Northrop Grumman says a recent series of tests demonstrates the reliability of a helicopter-based anti-missile system newly developed for US Army helicopters.
The company was among at least four teams that participated in recent reliability and characterisation tests for the counter infrared countermeasures requirement, which presents an opportunity to equip thousands of military helicopters with anti-missile systems.
One of the army's key concerns in the competition is the risk posed to reliability caused by shrinking multi-band jammers designed for fixed-wing aircraft into packages suitable for helicopters.
Northrop's system, which includes a 4.4kg (9.8lb) laser, accumulated more than 655h of observed testing, says Jack Pledger, director of business development for infrared countermeasures. Although it is a pre-production prototype, its system demonstrated reliability levels normally associated with mature technology, he says.
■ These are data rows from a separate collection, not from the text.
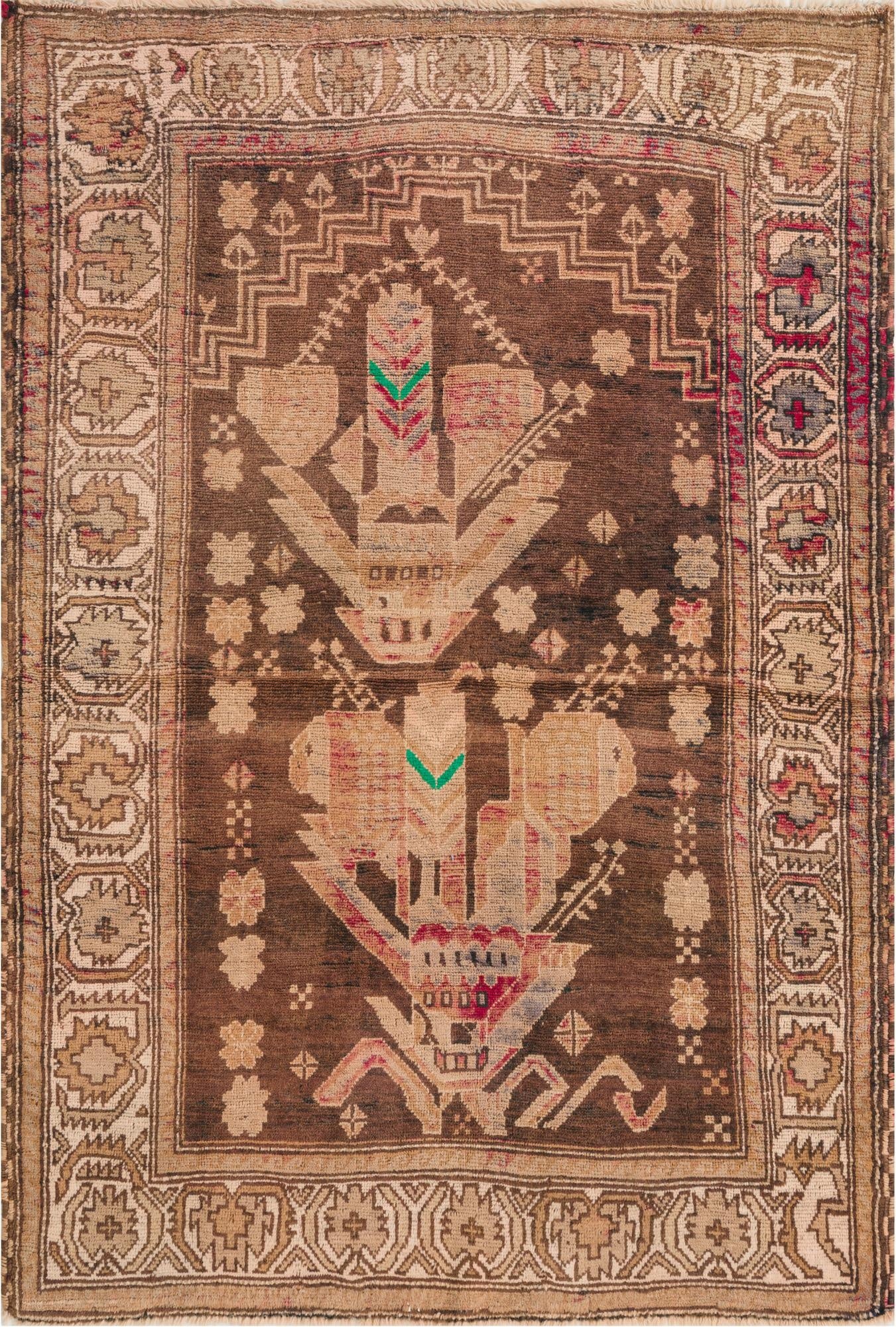  4' x 5' 8  Hand Knotted Ultra Vintage Persian Wool Rug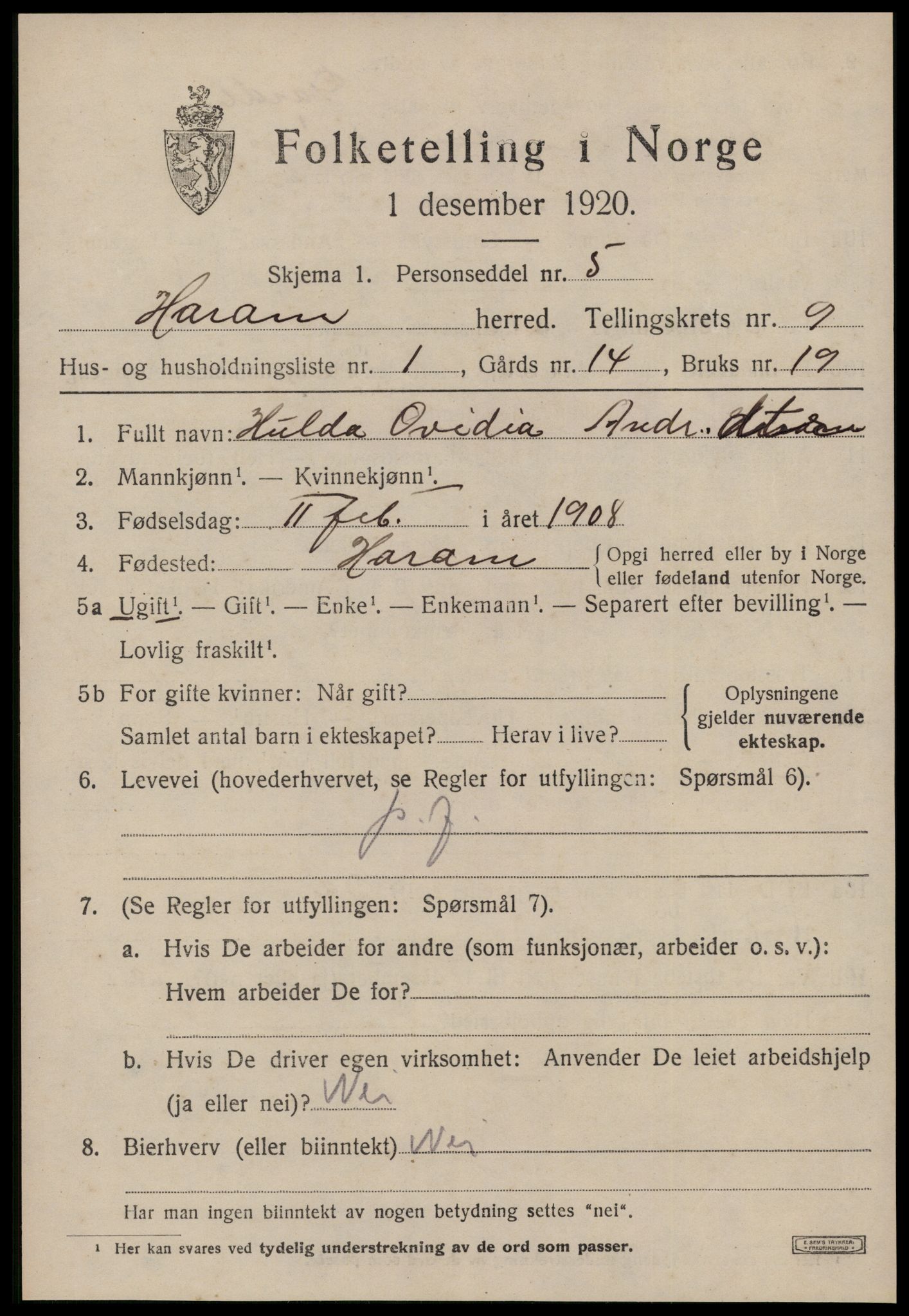 SAT, 1920 census for Haram, 1920, p. 5055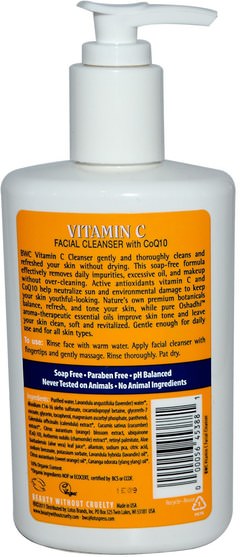 美容，面部護理，皮膚，維生素c - Beauty Without Cruelty, Vitamin C, With CoQ10, Facial Cleanser, 8.5 fl oz (250 ml)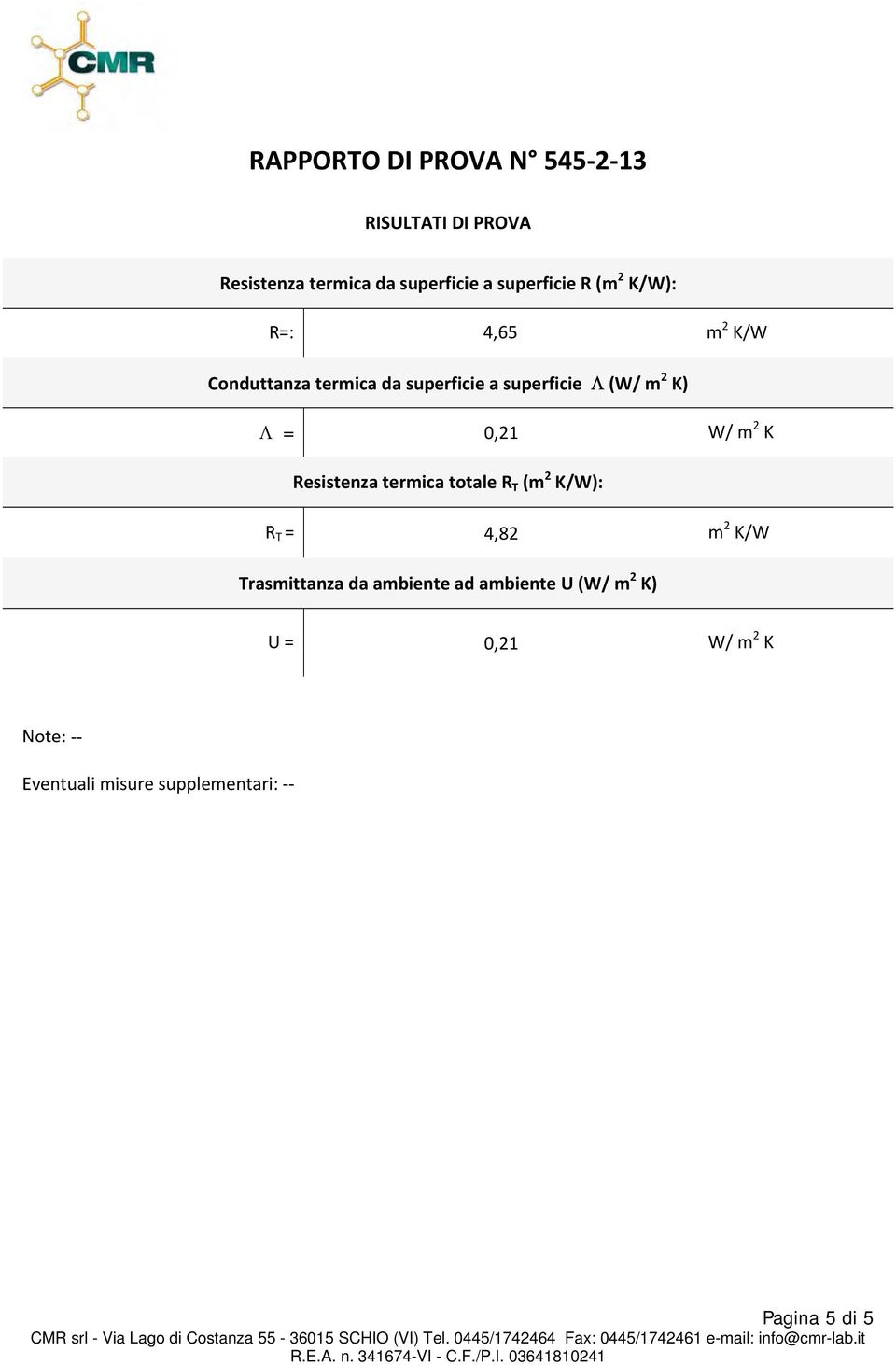 0,21 W/ m 2 K Resistenza termica totale R T (m 2 K/W): R T = 4,82 m 2 K/W Trasmittanza da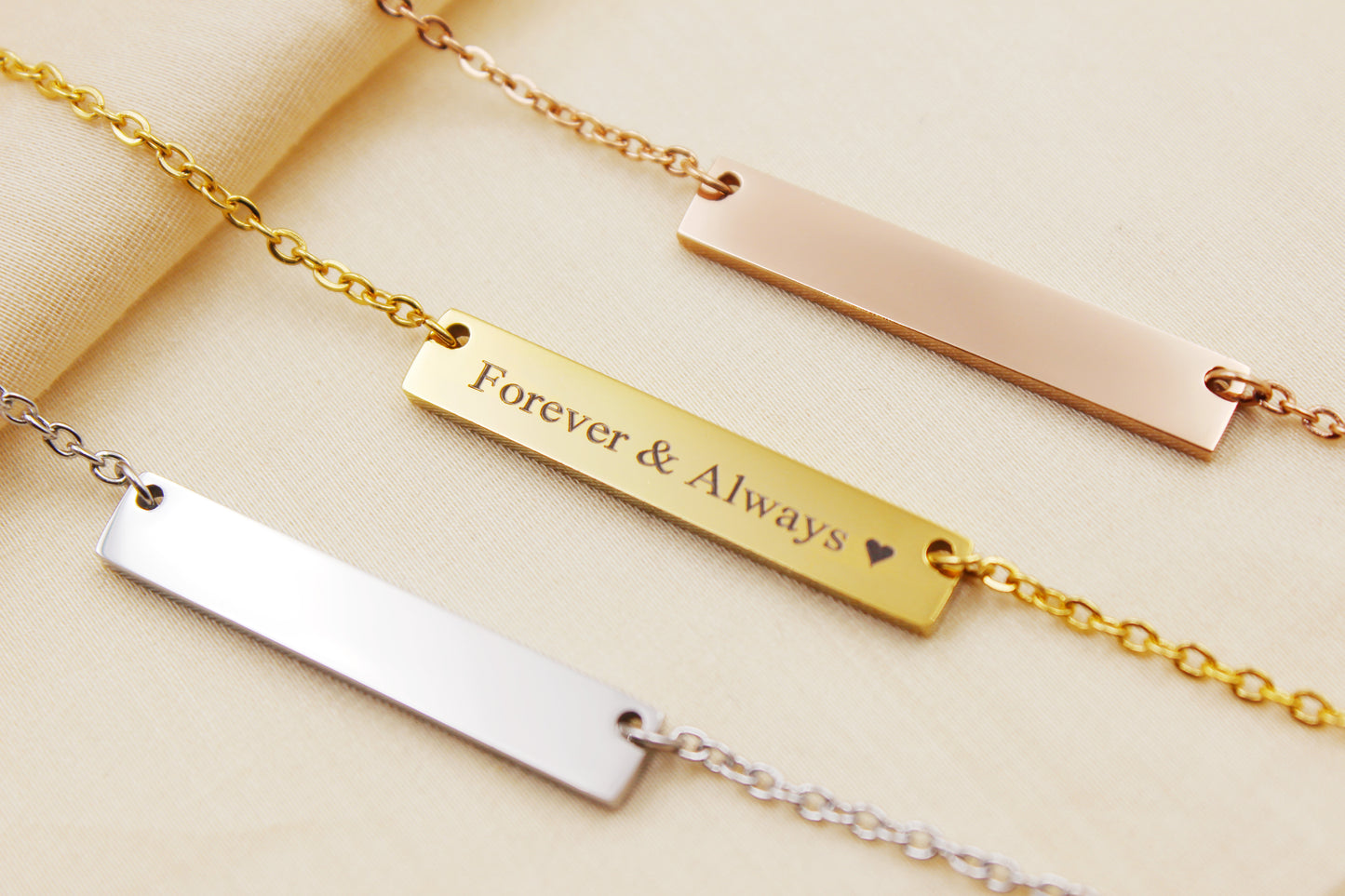 Personalized Stainless Steel Bar Necklace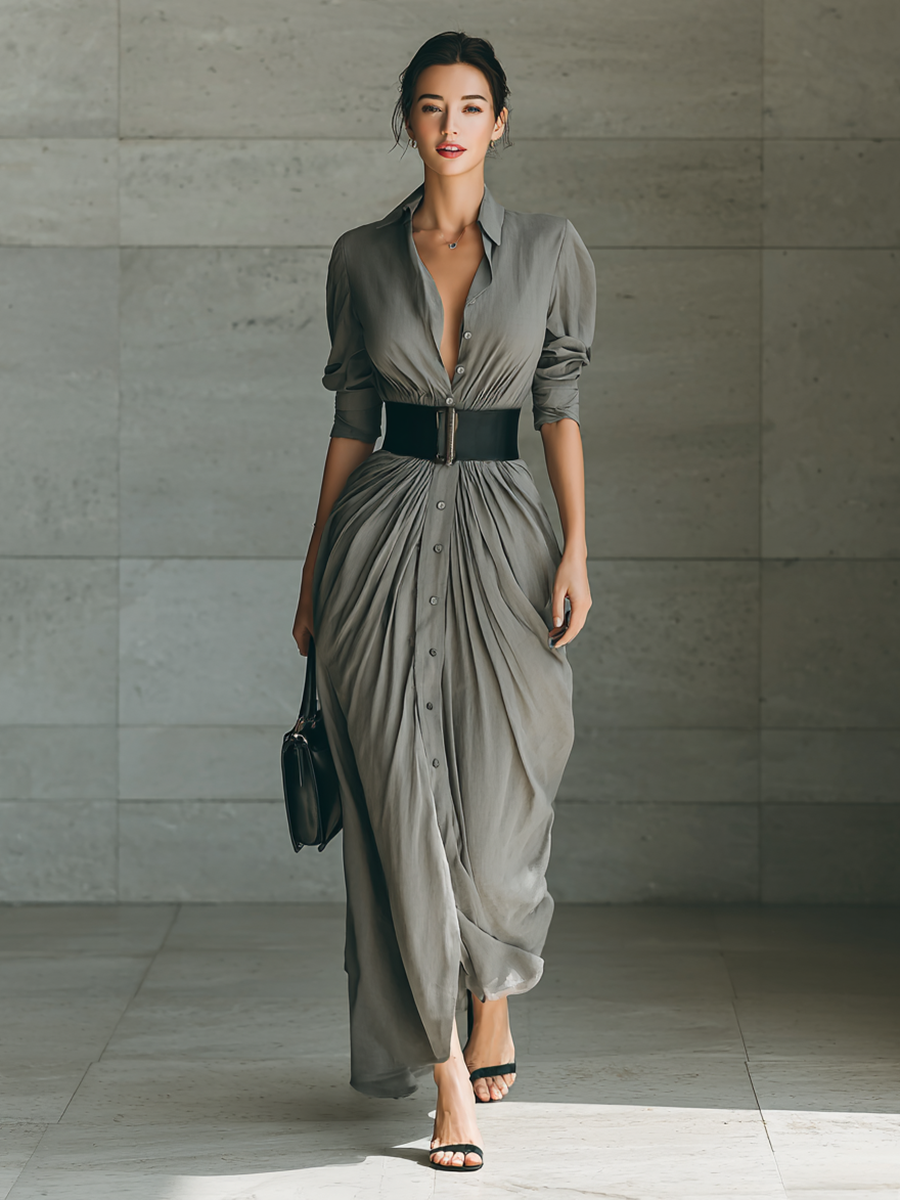 ZAMARA/ VESTIDO LARGO CON BOTONES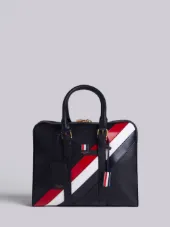 Small Holdall With Red, White And Blue Diagonal Stripe In Pebble Grain & Calf Leather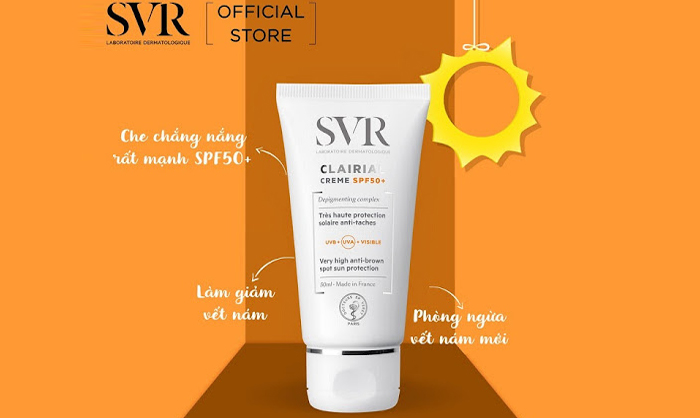 Kem chống nắng ngăn ngừa nám SVR Clairial Creme SPF50 Kem chống nắng ngăn ngừa nám SVR Clairial Creme SPF50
Pledger cited the long experience of Northrop, which has teamed with Finmeccanica's Selex subsidiary since the late 1980s to deliver infrared countermeasures technology for fixed-wing and helicopter platforms.
"Because of the production capacity we've built up over the years we're ready to go," Pledger says. "We've got the capacity to deliver on their schedule and we've got the design that's been tested."
The Northrop/Selex system is based on a single jam-head, while some of the competitors have chosen a distributed aperture approach.
Northrop considered that design, but rejected it due to concerns about the maturity of fibre-optic technology, which is required to transmit signals between the distributed apertures, Pledger says.
"A distributed aperture requires you to use a fibre-optic coupling for the laser and that technology has proven out to be not mature enough to be reliable yet," he says.
"We've looked at fibre optics. It holds a great deal of promise for the future. But there's still a few years of development required to make it work."